**Task requirements:** The lines to copy run from the one containing "SAVICKI Колие с" to the last line of the entries; output those lines exactly and only them, without pictures.

**Data:**
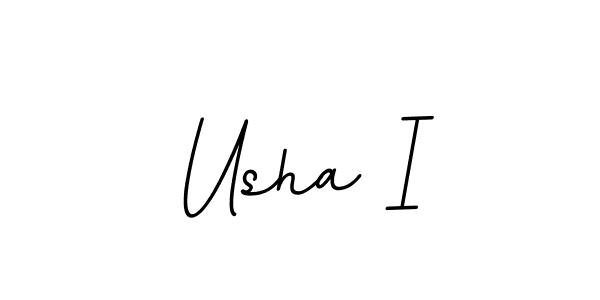 Design your own signature with our free online signature maker. With this signature software, you can create a handwritten (BallpointsItalic-DORy9) signature for name Usha I. Usha I signature style 11 images and pictures png
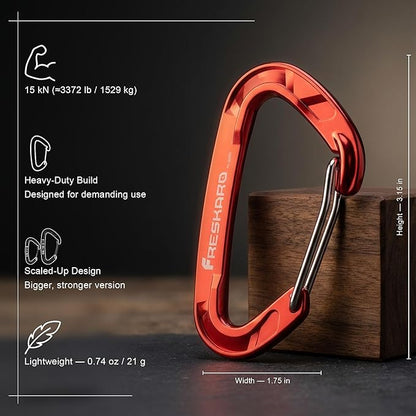 FresKaro 15kN-3372lbs Heavy Duty Wiregate Carabiners, Reliable Time-Tested - Image 2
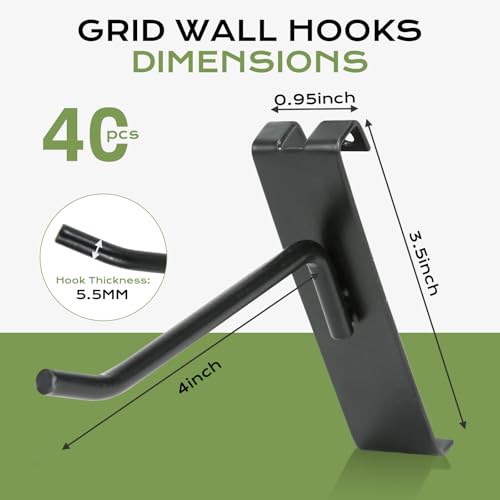 40 Pack Gridwall Hooks, 4 Inch Black Grid Wall Panels Hooks - Image 3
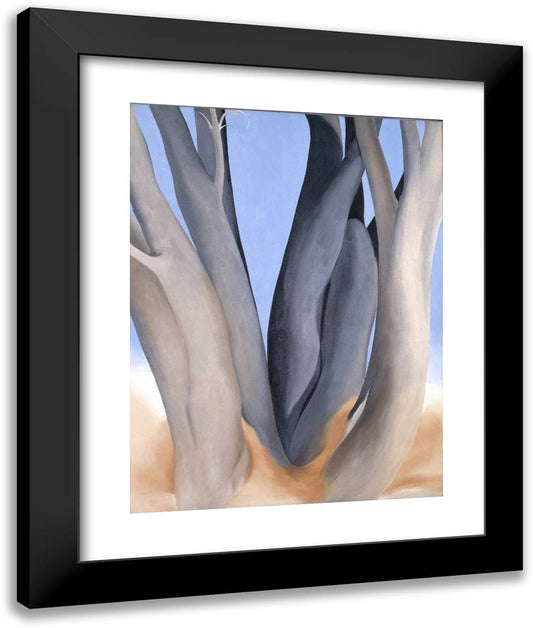 Dark Tree Trunks 20x24 Black Modern Wood Framed Art Print Poster by O'Keeffe, Georgia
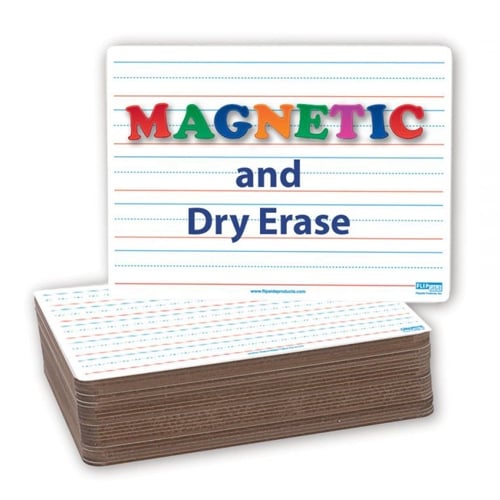 9" x 12" Red and Blue Lined/Plain Two-Sided Magnetic Dry-Erase Lap Boards - 24pk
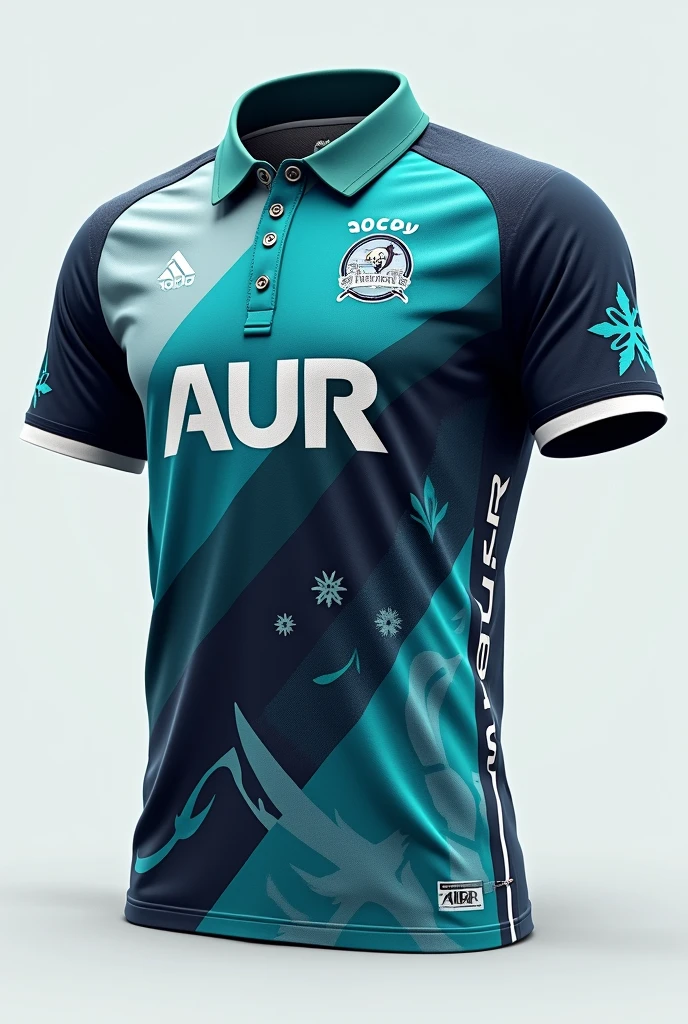 Two image the front and the back view, A collared, 3-button neckline. The center front should feature the word 'AUR'. On the back view, center the player's name above their role. The theme color is blue, teal, gray, little bit of black, and white. The design should have a Little bit of "slash geometric shapes like SPIRALS", "wind slashes", and "a lot of snowflakes pattern".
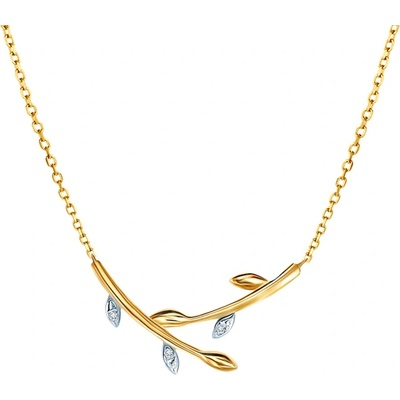 SAVICKI Колие с листо savicki: злато, диаманти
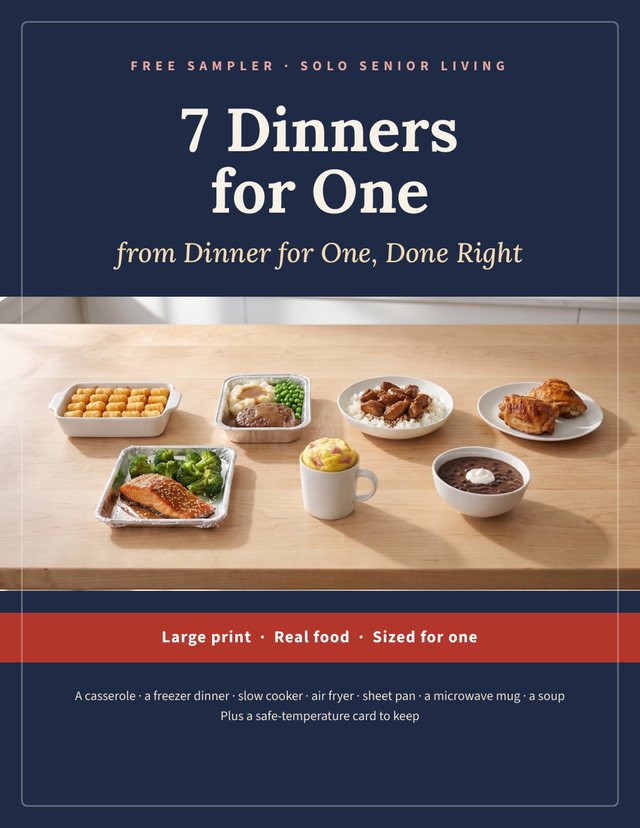 Cover of the free sampler 7 Dinners for One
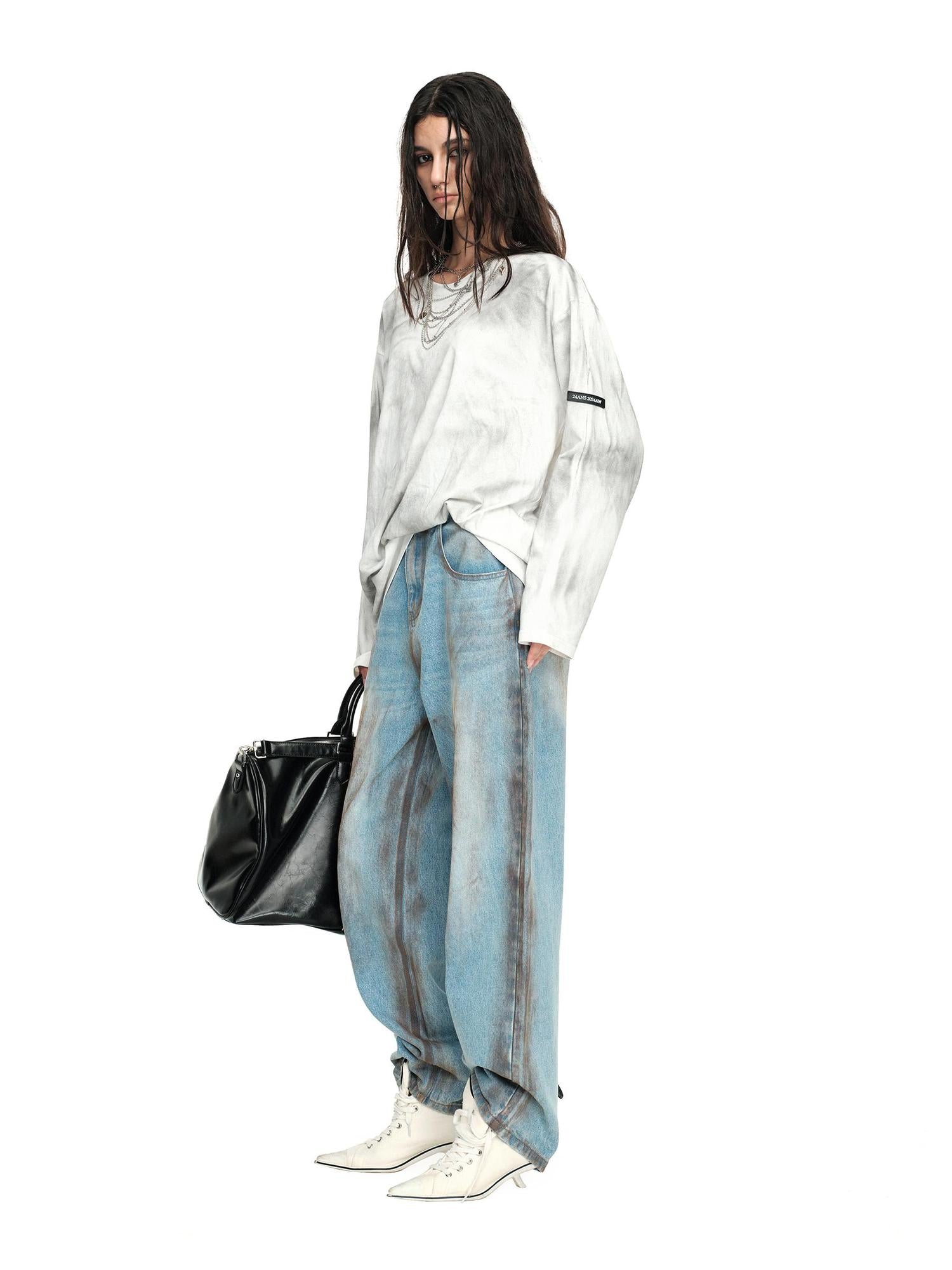 24ans Light Blue Distressed Straight Leg Denim Jeans
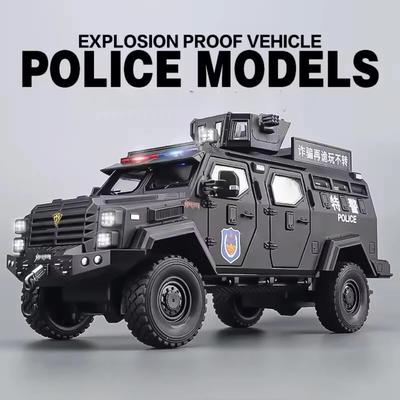 1:24 Swordtooth Tiger Police Car Toy Model Alloy Diecast Explosion Proof Doors Opened Sound Light Vehicle Models for Kids Gifts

**Answer space:**
 SAVICKI Колие с листо savicki: злато, диаманти
 Cover of the free sampler 7 Dinners for One
 24ans Light Blue Distressed Straight Leg Denim Jeans
 1:24 Swordtooth Tiger Police Car Toy Model Alloy Diecast Explosion Proof Doors Opened Sound Light Vehicle Models for Kids Gifts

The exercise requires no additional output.